It’s the ends, not the means
A recent interesting and well-written Guest View column (“Frankly, I’d like to know who the terrorists are talking to,” Jan. 11) defended the Bush Administration’s actions in ordering intercepts by the National Security Agency (NSA) of international communications between American citizens and persons overseas, either of whom may be related to terrorist organizations, in order to detect, warn and defend against future terrorist attacks. From the outset, let’s be clear that such intercepts are necessary in order to safeguard our country. That said, it is not helpful in achieving a balanced view of this issue when the very serious constitutional (separation-of powers and privacy) issues surrounding this once-secret program are given short shrift.
Nor is it particularly useful, in this context, to compare NSA’s vital eavesdropping activities to President Clinton’s authorizing the FBI to wiretap the conversations of a CIA employee (Aldrich Ames) suspected, and ultimately convicted, of the crime of treason. Why? Because no one with inside knowledge of the Ames case would have gone to a reporter with a complaint about such a specific eavesdropping target, and no one did. In sharp contrast, New York Times reporter James Risen has stated in several televised interviews that his source for the NSA wiretap story was not one, but several, current and former government officials with knowledge of the secret program who expressed to him their deep misgivings about its legality/constitutionality.
Critics of President Bush’s actions point out that the Foreign Intelligence Surveillance Act (FISA) contains language that limits the conduct of domestic surveillance activities exclusively to the procedures specified by Congress under that and another criminal statute not directly relevant to this discussion.

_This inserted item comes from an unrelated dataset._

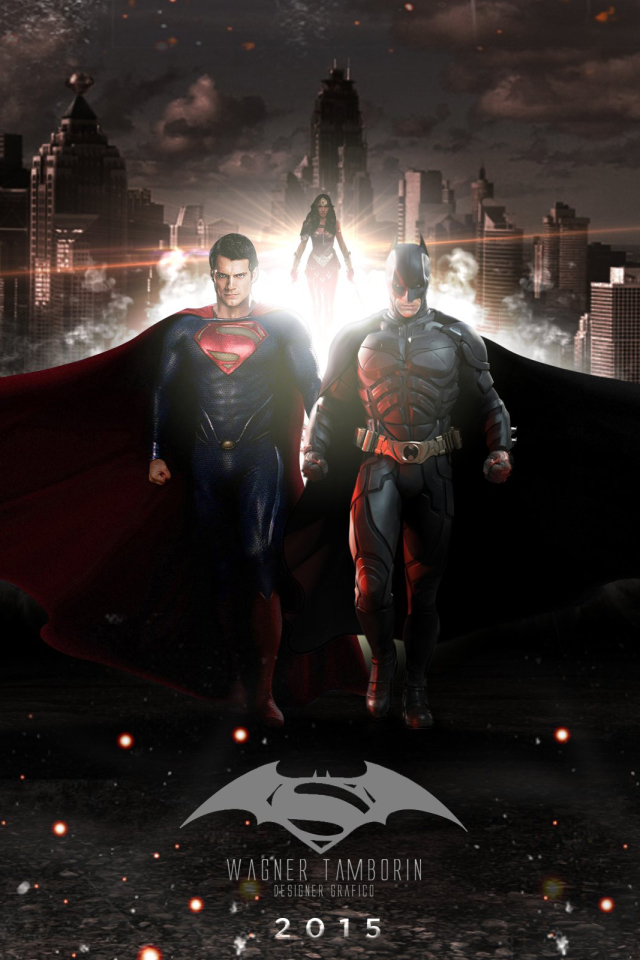 Download mobile wallpaper Batman, Superman, Movie, Wonder Woman, Batman V Superman: Dawn Of Justice for free.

Despite many references to FISA in the Guest View column, this key “exclusivity” provision was somehow overlooked. Moreover, it is important to point out that FISA was enacted in 1978 in order to prevent a repetition of the many serious wiretapping abuses by the executive branch that had taken place before its enactment. And it is abuses such as those that took place at Abu Ghraib, Guantanamo, and the “renditions” (kidnappings) of terrorist suspects from foreign countries (Europe) to places like Egypt, Saudi Arabia, Afghanistan and Pakistan, where some have alleged they were tortured, that have given rise to fears in many quarters about the Administration’s respect for the constitutional rights of its own citizens, not to mention the human rights of those suspected of terrorism. Furthermore, FISA’s authorities were amended and actually expanded with the passage of the USA Patriot Act after the attacks of 9/11. Thus, it is clear that Congress intended FISA to regulate domestic electronic surveillance activities even in the state of undeclared war in which the United States currently finds itself.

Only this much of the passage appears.